Dataset content:

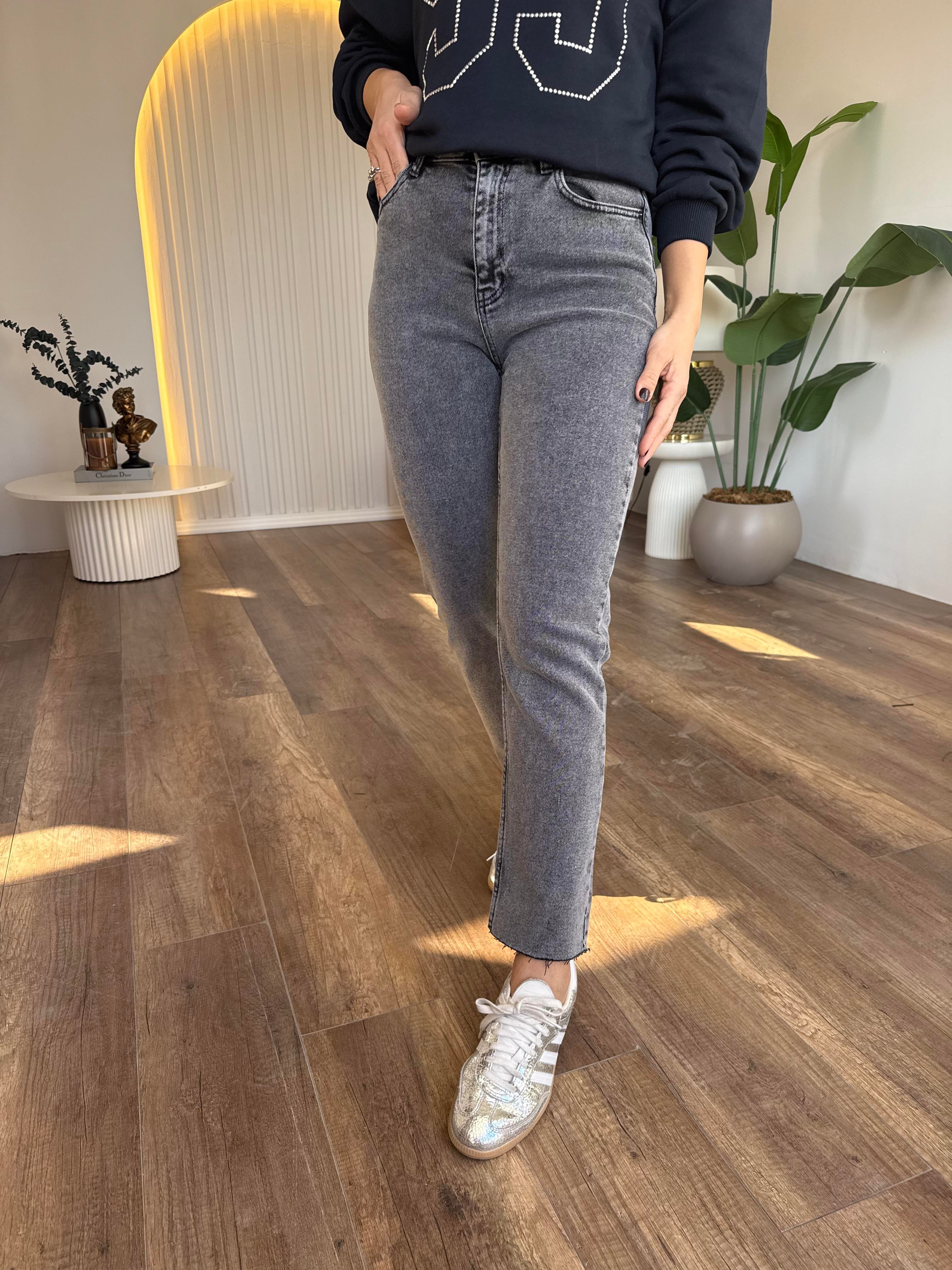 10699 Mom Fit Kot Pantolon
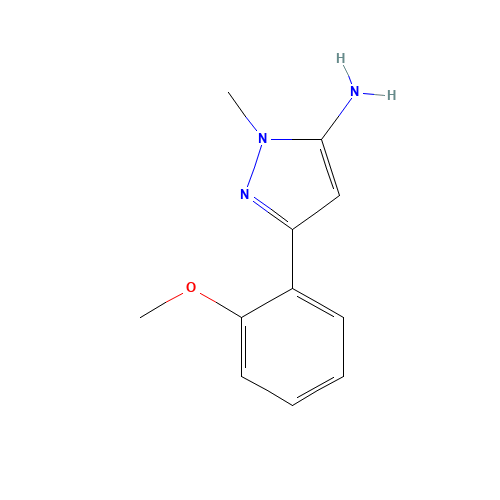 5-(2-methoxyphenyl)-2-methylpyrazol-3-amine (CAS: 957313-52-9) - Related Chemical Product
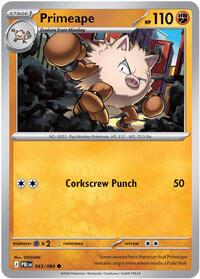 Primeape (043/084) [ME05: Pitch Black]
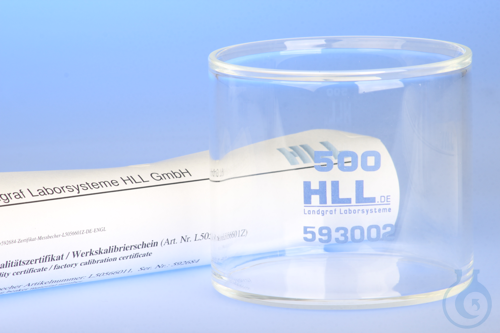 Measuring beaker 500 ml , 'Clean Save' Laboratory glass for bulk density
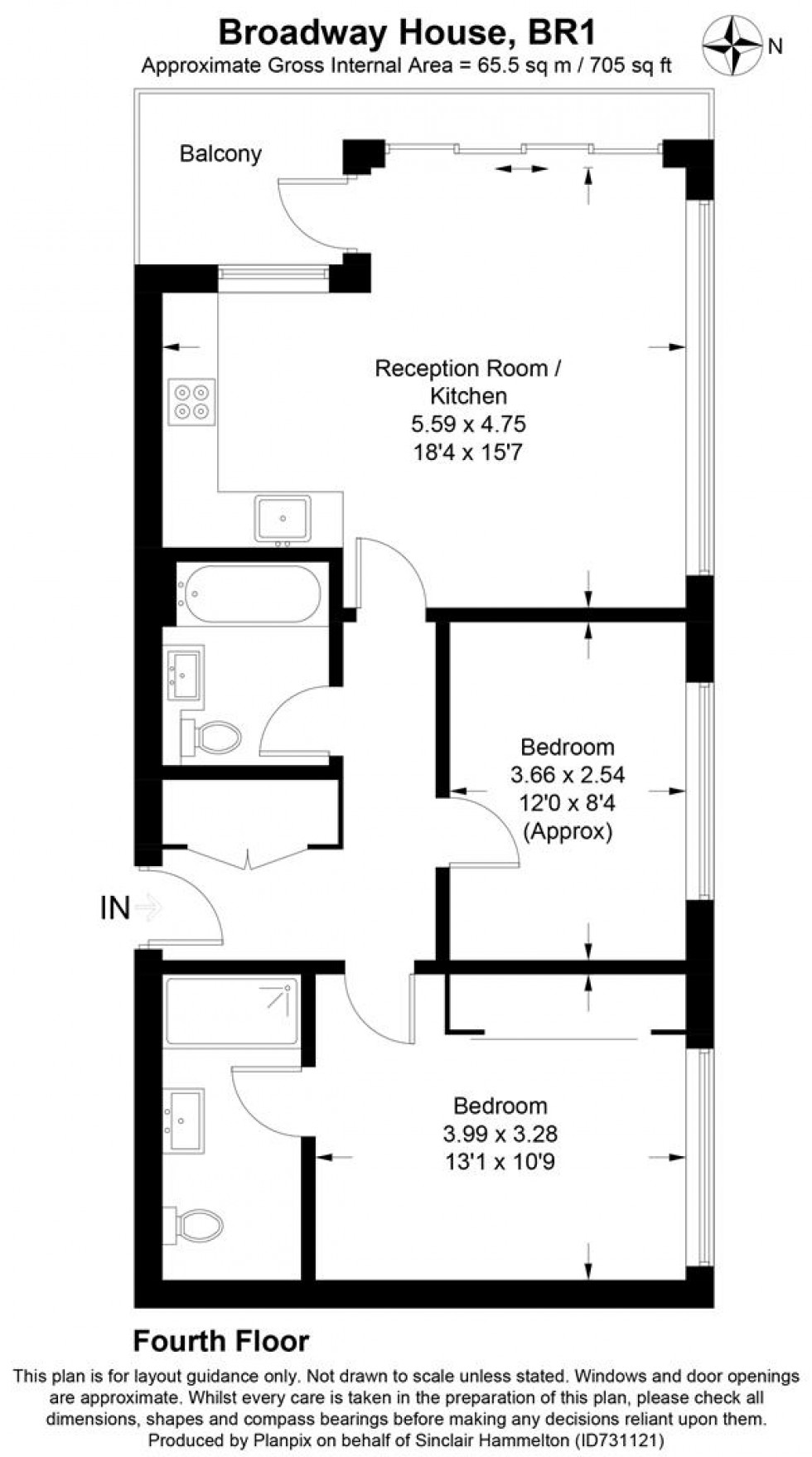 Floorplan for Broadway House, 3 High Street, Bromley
==
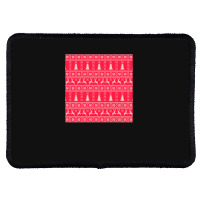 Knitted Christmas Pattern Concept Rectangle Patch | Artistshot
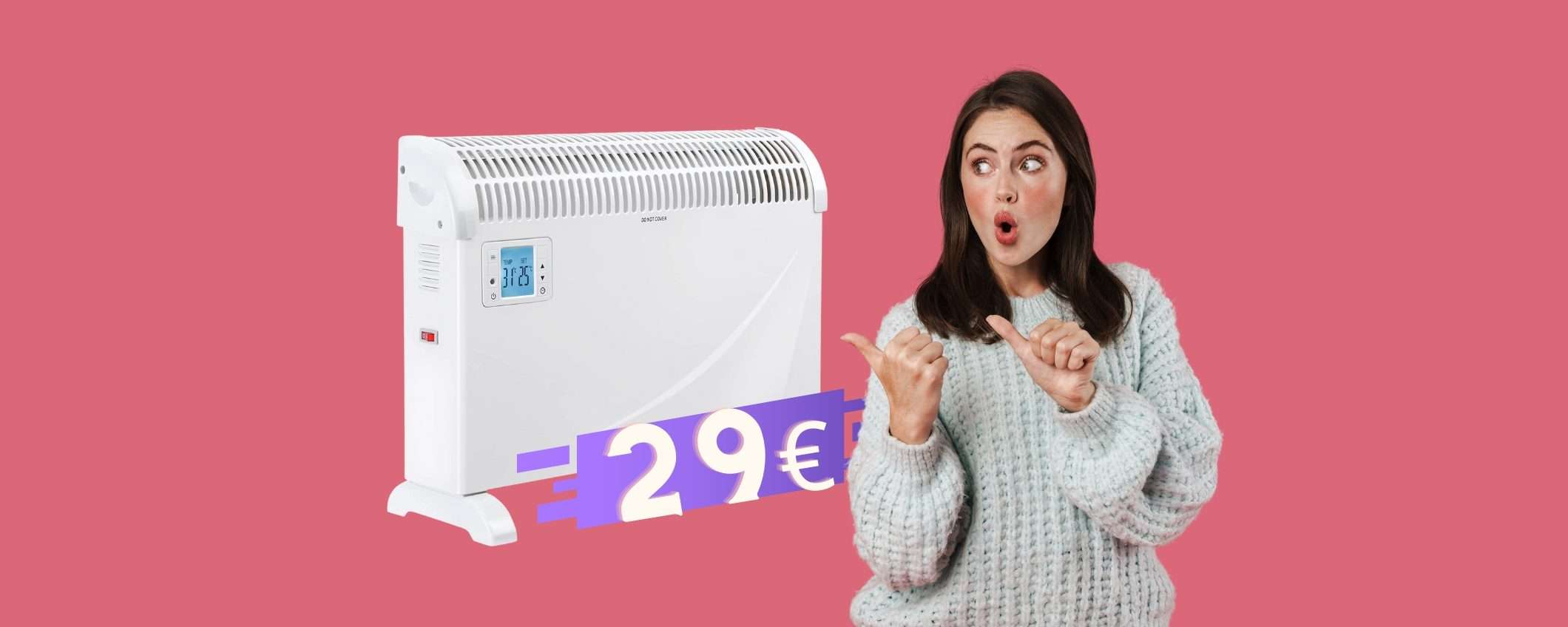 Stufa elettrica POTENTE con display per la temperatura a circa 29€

Exercise details:
What should come back is an exact copy of the lines above from the line with "10699 Mom Fit Kot Pantolon" to the line with "Floorplan for Broadway", both included, minus the pictures.

Answer to the problem:
 10699 Mom Fit Kot Pantolon
 5-(2-methoxyphenyl)-2-methylpyrazol-3-amine (CAS: 957313-52-9) - Related Chemical Product
 Primeape (043/084) [ME05: Pitch Black]
 Measuring beaker 500 ml , 'Clean Save' Laboratory glass for bulk density
 Floorplan for Broadway House, 3 High Street, Bromley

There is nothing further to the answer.